[Stored data entries]

:::::

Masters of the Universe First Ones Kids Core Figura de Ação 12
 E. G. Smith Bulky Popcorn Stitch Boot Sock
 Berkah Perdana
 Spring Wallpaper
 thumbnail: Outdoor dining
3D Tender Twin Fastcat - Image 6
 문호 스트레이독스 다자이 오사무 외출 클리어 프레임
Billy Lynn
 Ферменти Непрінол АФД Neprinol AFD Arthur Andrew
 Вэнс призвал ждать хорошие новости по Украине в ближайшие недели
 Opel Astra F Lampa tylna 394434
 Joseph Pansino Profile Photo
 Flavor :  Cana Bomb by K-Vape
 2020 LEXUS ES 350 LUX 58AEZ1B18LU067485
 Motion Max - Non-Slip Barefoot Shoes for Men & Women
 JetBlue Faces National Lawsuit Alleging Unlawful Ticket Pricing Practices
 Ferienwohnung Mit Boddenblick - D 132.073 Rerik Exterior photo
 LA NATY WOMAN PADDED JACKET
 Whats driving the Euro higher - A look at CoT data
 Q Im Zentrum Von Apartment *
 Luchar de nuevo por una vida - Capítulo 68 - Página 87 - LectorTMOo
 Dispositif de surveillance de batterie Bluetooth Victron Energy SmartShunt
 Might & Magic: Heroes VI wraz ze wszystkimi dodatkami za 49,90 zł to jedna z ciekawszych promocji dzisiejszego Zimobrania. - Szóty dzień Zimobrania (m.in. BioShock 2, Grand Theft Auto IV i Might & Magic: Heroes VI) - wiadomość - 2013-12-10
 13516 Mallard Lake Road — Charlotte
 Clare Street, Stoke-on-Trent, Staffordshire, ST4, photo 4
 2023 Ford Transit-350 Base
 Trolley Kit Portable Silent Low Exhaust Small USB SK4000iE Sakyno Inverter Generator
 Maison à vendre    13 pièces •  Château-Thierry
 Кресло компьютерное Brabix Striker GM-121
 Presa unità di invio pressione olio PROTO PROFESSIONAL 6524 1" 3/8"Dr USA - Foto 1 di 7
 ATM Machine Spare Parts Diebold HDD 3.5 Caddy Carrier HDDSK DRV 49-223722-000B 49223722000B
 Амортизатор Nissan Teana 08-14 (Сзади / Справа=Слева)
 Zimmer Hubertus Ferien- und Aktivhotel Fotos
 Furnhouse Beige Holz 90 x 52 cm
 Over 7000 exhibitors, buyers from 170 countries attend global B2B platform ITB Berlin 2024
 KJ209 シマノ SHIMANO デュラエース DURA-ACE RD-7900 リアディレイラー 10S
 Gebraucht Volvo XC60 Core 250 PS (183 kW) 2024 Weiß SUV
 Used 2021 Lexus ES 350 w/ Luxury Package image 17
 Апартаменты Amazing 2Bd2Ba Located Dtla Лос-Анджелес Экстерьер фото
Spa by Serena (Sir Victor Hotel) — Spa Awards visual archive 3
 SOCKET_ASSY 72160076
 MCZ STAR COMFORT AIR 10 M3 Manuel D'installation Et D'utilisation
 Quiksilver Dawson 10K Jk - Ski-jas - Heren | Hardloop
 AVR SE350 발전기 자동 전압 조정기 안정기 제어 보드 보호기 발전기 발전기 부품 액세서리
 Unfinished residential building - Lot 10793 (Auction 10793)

:::::

_EXERCISE BRIEF_:
Output exactly the leading lines of the data, up to and including the line marked by "Ферменти Непрінол АФД".

_SOLUTION BELOW_:
Masters of the Universe First Ones Kids Core Figura de Ação 12
 E. G. Smith Bulky Popcorn Stitch Boot Sock
 Berkah Perdana
 Spring Wallpaper
 thumbnail: Outdoor dining
3D Tender Twin Fastcat - Image 6
 문호 스트레이독스 다자이 오사무 외출 클리어 프레임
Billy Lynn
 Ферменти Непрінол АФД Neprinol AFD Arthur Andrew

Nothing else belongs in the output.